As we begin the coding part of the R workshop, let us try to bring things together and make it as easy as possible for you to run the code and work with me as we progress through the topics of the next 2 days. On that note, ror each session of the R workshop, I will have an R script already prepared for you, complete with comments for every step that you will need to download and open in RStudio at the beginning of every workshop section.
Please download the following:
Getting the Data in
As with any program out there today, there are several ways to bring data into the R platform. We will work through 2 different ways to accomplish this task, and once we’ve worked through both, I would like to hear which one you prefer!

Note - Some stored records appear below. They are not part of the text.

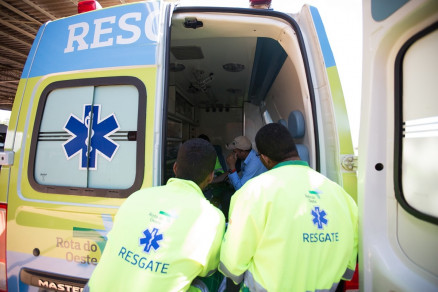 Nova Rota foi acionada para atender vtimas na BR-163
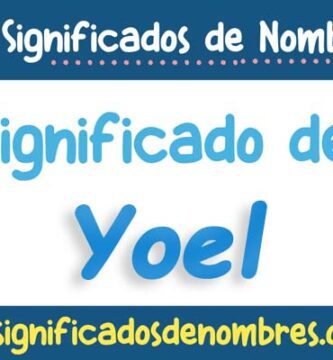 Significado de Yoel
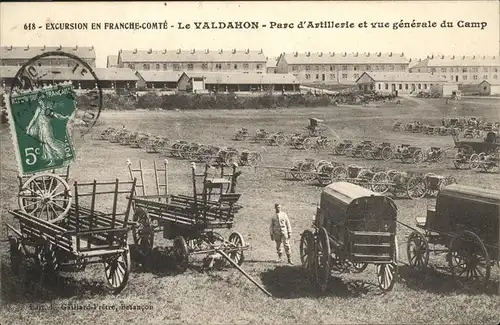Valdahon Parc d'Artillerie / Valdahon /Arrond. de Besancon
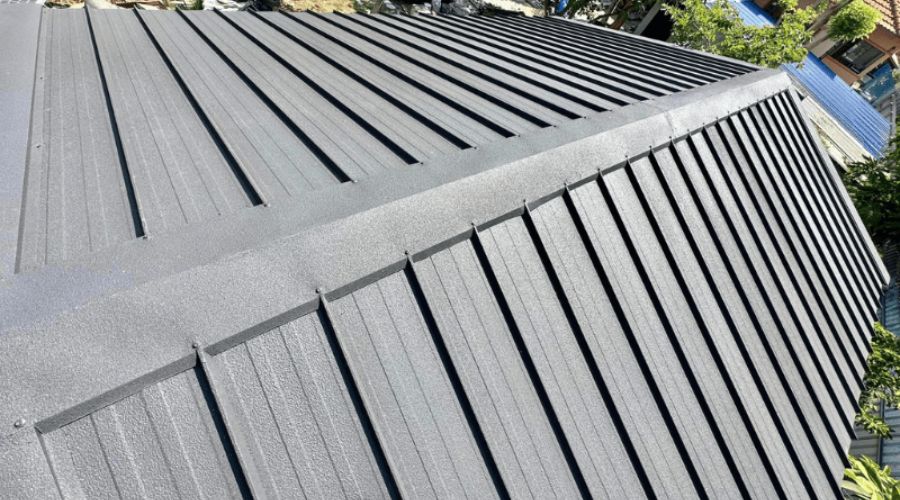 Tôn Kliplock là giải pháp mái lợp hiện đại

Reading a CSV file, gets you in the habit of creating a preservation-ready format for your data, but you’ve probably already figured out, that it also means having documentation at the ready – so you remember what variable is what, and with respect to reading it into R, you need to pick and choose the location, or make sure your working directory has been set at the beginning. Reading an Excel file, is just SOooo much easier and probably the way most of us like to work. Just remember to save your data as you work!
Merging files sounds like such an innocent task. I have an Excel file with 4 monthly worksheets and all I want to do is put them all together into 1 file, so I can analyse the data. Easy peasy right??
There are a few ways of merging files in R. The most straightforward method is to use the merge function available in Base R. Try it out with our data and tell me what happens when you merge the January data which has 25 observations with the February data which only has 23 observations?
So, we’ve noticed that there’s something NOT quite right with this merge. The 2 observations that had a measure in January but not in February were not included in our final dataset. What happens if later on, say in March or April, we do have measures for these individuals? We want them to be included. So we need to consider other methods of merging our files.
We will use the joining functions available in the DPLYR package. By doing this we need to take a quick little detour to remind ourselves about sets, unions, and joins? This is the way that R takes when merging or rather joining datasets. You’ll also see that by taking this approach we can do merge all of our data using this one function, unlike SAS and SPSS.
This is a perfect opportunity to show you the Cheatsheets in R. In RStudio follow these steps:
- Data Transformation with DPLYR
Let’s work through the examples of Combine Tables to get a better understanding of how to merge in R.
Based on these examples, we are interested in performing a FULL_JOIN. Did the coding in the R script work for you? Can you see how this might work for your own research data?
Creating new variables
Creating a new variable is very straightforward function: Ynew = Var1 + Var2 or whatever variable you need to create. The tricky part is ensuring that it becomes a part of your dataset. Let’s work through the examples in the R script.
Now what if we want to recode a variable rather than just creating a new one? For example: we want to create a new variable called wtclass that will take the weights measured in January and put them into 3 weight classes: 1 = 13-16; 2 = 17-20; 3 = 21-24
Getting your data into R, can be as easy as using the READXL package and importing your Excel worksheets directly into R.
Once you have your dataset in R, you can merge files using the join functions available in the DPLYR package.
Creating new variables and recoding variables is straightforward, just remember to make sure that you have added them to your R datafile by using the attach() and detach() functions. Note there are other ways of doing this as well, this is just one.
Don’t be afraid to check out the Help resources – Cheatsheets are fun and very informative.